From the first line of the entries down to the line with "Elsieee Fluted Hem Mini Dress", write out every line exactly; that last line counts, but pictures do not.

Data records

◆ ◆ ◆ ◆

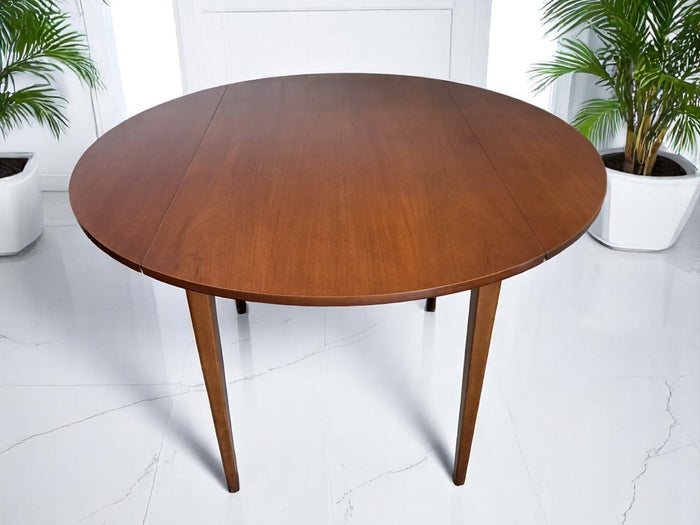 Vintage Mid Century G Plan Style Dining Table Drop Leaf Drop Flap Retro Teak 1960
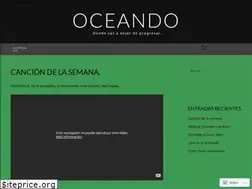 Sites similar to oceando.wordpress.com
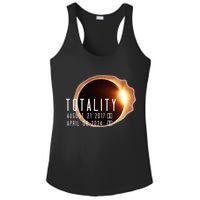 Twice in a Lifetime Totality Solar Eclipse 2017 & 2024 Ladies PosiCharge Competitor Racerback Tank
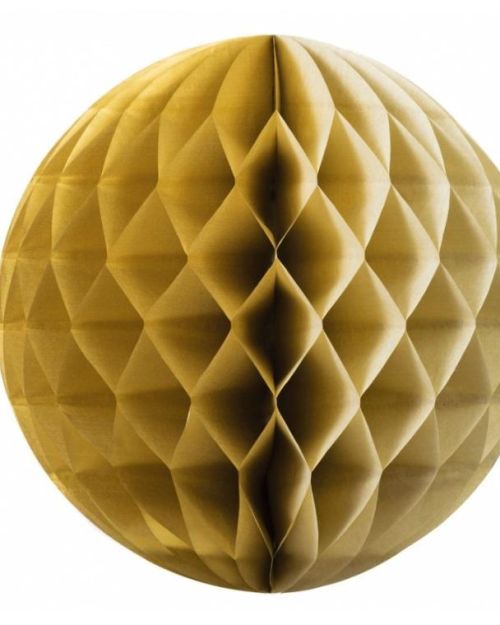 Tissue Honeycomb Ball 35cm – Gold
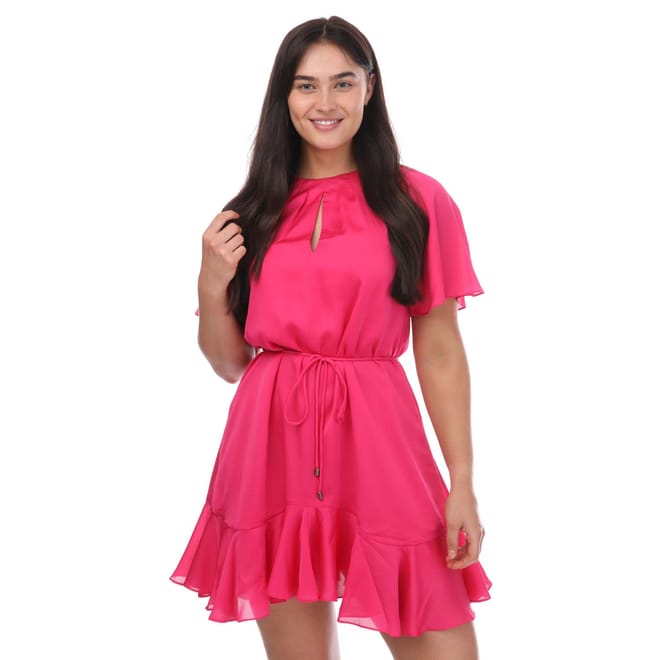 Elsieee Fluted Hem Mini Dress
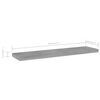 vidaXL B&uuml;cherregal-Bretter 8 Stk. Betongrau 40x10x1,5 cm Holzwerkstoff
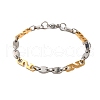 201 Stainless Steel Link Chain Bracelets BJEW-B078-121GP-1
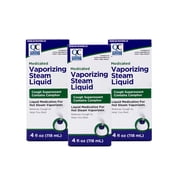 3 Pack Quality Choice Medicated Vaporizing Steam Liquid, 4 Ounces each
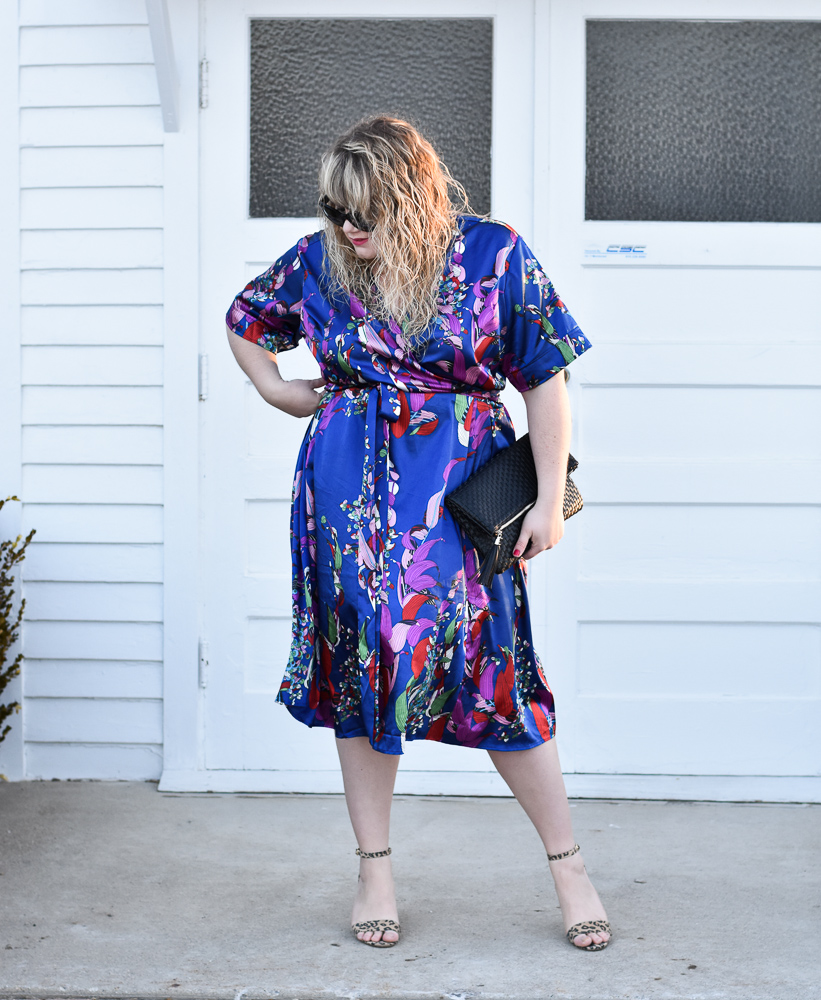 Kimono Style Wrap Dress Curls and Blog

◆ ◆ ◆ ◆

**Exercise solution**
 Vintage Mid Century G Plan Style Dining Table Drop Leaf Drop Flap Retro Teak 1960
 Sites similar to oceando.wordpress.com
 Twice in a Lifetime Totality Solar Eclipse 2017 & 2024 Ladies PosiCharge Competitor Racerback Tank
 Tissue Honeycomb Ball 35cm – Gold
 Elsieee Fluted Hem Mini Dress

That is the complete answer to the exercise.